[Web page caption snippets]
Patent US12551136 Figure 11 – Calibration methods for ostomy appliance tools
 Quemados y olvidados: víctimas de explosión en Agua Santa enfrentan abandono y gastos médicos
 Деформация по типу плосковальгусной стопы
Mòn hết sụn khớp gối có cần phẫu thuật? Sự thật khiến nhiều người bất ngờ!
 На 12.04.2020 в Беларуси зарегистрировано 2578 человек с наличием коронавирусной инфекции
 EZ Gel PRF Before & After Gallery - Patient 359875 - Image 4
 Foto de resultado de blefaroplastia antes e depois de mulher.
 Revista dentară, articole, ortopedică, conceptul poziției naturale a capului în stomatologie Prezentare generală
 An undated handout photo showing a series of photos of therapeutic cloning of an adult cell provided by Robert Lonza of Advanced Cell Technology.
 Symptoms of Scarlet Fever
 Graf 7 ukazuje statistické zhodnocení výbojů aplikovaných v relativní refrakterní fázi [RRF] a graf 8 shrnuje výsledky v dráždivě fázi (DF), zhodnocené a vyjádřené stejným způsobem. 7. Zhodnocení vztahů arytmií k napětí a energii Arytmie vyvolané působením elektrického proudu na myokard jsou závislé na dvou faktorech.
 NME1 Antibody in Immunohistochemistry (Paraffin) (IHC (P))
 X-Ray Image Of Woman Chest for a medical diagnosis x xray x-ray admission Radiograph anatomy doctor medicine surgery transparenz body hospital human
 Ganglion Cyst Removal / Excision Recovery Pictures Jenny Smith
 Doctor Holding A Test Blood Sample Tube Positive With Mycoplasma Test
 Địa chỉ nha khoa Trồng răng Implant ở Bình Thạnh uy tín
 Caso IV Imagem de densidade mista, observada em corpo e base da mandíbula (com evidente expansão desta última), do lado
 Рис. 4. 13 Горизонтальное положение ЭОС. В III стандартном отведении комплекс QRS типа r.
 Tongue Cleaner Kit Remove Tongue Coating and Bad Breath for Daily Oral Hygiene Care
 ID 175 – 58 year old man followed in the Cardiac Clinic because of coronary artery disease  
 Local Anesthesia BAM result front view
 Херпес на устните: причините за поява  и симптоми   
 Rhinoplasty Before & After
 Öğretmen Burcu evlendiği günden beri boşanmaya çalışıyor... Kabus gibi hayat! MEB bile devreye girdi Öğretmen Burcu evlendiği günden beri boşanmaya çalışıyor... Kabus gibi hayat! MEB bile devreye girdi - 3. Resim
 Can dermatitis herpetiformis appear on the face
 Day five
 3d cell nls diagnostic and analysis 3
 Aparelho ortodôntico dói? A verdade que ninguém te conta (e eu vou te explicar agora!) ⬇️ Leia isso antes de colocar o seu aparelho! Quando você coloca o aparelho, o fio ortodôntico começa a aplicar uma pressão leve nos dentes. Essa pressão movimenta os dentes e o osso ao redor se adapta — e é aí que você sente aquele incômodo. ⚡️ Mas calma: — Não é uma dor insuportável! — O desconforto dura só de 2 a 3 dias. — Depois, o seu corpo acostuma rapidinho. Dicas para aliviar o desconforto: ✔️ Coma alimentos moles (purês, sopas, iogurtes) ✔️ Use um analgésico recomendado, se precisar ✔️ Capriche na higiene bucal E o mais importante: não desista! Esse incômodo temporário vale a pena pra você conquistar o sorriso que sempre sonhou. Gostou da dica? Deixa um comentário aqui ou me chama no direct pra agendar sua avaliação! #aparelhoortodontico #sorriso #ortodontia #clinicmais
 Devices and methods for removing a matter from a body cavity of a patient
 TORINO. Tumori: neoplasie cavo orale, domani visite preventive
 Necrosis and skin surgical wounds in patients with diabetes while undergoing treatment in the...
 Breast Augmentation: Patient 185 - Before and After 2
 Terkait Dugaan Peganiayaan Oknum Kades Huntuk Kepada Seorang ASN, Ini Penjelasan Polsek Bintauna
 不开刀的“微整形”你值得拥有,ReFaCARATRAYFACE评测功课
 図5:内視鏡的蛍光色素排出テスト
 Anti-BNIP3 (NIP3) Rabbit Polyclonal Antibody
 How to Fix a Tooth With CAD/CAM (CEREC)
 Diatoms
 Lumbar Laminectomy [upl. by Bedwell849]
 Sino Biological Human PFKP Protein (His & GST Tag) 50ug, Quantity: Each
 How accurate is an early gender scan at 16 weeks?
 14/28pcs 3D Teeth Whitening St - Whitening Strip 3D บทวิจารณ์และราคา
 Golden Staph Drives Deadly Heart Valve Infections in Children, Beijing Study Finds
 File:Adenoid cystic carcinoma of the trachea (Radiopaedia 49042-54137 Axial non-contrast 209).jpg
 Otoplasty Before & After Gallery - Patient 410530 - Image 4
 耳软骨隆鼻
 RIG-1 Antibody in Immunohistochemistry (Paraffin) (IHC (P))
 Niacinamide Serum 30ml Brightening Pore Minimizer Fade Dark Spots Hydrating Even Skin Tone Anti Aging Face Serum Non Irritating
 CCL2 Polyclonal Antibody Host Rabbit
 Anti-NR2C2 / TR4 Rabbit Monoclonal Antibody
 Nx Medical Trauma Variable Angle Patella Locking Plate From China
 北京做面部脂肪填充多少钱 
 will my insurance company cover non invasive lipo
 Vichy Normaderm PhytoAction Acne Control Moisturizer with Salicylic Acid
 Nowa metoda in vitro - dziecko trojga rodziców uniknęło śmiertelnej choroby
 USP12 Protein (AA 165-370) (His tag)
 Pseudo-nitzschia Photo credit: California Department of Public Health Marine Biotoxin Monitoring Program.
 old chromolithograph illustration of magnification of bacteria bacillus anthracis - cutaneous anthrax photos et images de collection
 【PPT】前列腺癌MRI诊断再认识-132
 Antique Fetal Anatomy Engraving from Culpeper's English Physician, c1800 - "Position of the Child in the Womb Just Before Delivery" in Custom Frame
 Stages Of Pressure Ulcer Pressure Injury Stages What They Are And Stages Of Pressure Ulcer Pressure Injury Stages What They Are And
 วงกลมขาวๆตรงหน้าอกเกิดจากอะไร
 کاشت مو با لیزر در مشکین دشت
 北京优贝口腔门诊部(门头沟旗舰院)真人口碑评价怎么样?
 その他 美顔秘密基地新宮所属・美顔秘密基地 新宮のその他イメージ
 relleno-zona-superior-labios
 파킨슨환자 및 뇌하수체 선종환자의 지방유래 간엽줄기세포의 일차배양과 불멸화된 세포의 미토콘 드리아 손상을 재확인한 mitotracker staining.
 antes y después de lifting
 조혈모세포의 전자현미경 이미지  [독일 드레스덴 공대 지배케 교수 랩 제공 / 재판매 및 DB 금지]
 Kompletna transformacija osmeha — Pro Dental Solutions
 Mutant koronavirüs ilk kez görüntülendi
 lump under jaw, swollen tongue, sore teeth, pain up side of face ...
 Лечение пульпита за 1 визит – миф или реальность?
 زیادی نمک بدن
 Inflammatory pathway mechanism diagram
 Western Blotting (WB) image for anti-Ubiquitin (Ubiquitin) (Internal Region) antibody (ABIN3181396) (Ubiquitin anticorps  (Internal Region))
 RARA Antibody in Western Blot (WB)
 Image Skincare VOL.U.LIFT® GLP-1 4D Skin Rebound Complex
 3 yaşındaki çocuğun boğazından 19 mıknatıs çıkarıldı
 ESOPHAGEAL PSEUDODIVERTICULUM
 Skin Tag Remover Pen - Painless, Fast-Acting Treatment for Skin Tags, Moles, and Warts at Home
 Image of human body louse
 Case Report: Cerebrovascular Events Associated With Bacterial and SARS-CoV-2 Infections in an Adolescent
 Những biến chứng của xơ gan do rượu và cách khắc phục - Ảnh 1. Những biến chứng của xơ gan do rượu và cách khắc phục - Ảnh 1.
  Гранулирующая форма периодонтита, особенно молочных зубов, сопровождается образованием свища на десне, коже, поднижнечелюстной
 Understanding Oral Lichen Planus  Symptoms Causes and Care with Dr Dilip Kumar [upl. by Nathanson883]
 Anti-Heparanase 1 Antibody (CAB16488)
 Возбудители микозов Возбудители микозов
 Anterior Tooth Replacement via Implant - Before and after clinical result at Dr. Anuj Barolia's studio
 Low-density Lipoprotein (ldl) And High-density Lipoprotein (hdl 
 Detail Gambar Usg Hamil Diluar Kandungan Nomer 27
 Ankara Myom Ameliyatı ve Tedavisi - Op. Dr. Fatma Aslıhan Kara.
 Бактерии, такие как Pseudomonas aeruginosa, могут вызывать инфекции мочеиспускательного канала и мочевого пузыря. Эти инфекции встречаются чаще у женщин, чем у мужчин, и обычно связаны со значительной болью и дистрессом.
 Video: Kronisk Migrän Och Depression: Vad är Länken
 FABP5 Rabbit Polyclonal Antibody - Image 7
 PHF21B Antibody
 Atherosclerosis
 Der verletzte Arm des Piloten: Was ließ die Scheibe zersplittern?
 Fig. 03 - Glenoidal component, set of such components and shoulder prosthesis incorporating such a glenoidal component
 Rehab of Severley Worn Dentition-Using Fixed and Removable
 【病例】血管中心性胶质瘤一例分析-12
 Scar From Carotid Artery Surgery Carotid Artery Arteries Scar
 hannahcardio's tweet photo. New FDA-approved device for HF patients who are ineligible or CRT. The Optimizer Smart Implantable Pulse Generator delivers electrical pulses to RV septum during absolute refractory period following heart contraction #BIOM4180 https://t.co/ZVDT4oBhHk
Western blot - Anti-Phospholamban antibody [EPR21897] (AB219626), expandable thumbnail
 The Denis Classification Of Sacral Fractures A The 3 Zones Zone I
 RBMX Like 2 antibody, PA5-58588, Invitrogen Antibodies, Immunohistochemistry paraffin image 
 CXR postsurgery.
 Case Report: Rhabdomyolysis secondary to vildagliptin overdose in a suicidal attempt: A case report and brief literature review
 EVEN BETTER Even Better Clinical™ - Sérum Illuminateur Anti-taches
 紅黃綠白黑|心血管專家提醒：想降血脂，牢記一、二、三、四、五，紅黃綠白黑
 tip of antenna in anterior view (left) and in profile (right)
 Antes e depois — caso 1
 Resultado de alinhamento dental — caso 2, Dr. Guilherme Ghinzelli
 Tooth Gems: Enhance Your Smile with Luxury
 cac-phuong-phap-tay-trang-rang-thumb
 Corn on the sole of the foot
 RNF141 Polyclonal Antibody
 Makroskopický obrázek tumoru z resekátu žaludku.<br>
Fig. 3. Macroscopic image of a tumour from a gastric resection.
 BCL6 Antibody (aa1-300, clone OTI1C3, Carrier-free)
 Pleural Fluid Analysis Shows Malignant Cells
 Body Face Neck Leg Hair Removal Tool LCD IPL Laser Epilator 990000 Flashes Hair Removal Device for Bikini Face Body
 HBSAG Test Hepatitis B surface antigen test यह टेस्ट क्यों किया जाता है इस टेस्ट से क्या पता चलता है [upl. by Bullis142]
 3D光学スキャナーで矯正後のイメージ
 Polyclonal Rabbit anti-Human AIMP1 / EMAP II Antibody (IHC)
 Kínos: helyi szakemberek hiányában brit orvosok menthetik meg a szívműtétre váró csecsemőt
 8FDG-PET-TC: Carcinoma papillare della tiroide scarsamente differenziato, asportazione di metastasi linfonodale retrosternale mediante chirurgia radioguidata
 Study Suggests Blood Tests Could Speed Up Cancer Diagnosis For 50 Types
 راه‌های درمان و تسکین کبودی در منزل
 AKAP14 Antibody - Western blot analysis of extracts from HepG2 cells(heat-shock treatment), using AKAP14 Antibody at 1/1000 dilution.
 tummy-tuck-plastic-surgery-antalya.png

_Problem_
After reading the records above, work out how many lines contain "Gallery" and give that number only.

_Response_
2